(PROBLEM) Begin your copy at the line that contains "Etagenwohnung Norden - 2" and carry it on, exactly, to the last line of the material below.

(MATERIAL SHOWN)
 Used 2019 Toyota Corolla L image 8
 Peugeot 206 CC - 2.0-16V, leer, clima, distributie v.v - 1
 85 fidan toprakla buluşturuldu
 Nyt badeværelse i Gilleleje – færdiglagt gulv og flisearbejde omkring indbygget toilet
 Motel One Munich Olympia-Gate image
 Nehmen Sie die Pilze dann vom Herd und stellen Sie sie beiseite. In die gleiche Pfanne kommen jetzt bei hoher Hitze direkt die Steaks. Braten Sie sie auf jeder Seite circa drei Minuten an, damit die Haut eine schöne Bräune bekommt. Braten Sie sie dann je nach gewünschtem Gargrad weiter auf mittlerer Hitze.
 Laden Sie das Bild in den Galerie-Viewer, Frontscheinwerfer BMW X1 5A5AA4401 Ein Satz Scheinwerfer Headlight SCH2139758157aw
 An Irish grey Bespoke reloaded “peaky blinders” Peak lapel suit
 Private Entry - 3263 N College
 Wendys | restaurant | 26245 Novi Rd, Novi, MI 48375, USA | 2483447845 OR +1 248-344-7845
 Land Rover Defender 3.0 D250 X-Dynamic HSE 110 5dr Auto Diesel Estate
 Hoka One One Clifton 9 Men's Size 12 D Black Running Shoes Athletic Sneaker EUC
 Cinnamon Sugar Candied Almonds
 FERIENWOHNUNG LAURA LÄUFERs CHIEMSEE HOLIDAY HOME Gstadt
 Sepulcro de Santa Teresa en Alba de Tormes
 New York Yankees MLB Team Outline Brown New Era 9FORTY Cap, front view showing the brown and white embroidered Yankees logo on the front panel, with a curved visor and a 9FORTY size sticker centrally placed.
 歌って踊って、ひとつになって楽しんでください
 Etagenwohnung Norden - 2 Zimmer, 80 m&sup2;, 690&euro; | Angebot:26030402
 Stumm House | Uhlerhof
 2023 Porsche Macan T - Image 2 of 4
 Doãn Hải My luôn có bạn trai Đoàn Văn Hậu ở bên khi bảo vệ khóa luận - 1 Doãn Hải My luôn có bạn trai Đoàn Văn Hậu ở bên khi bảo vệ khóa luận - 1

(WRITTEN RESPONSE)
 Etagenwohnung Norden - 2 Zimmer, 80 m&sup2;, 690&euro; | Angebot:26030402
 Stumm House | Uhlerhof
 2023 Porsche Macan T - Image 2 of 4
 Doãn Hải My luôn có bạn trai Đoàn Văn Hậu ở bên khi bảo vệ khóa luận - 1 Doãn Hải My luôn có bạn trai Đoàn Văn Hậu ở bên khi bảo vệ khóa luận - 1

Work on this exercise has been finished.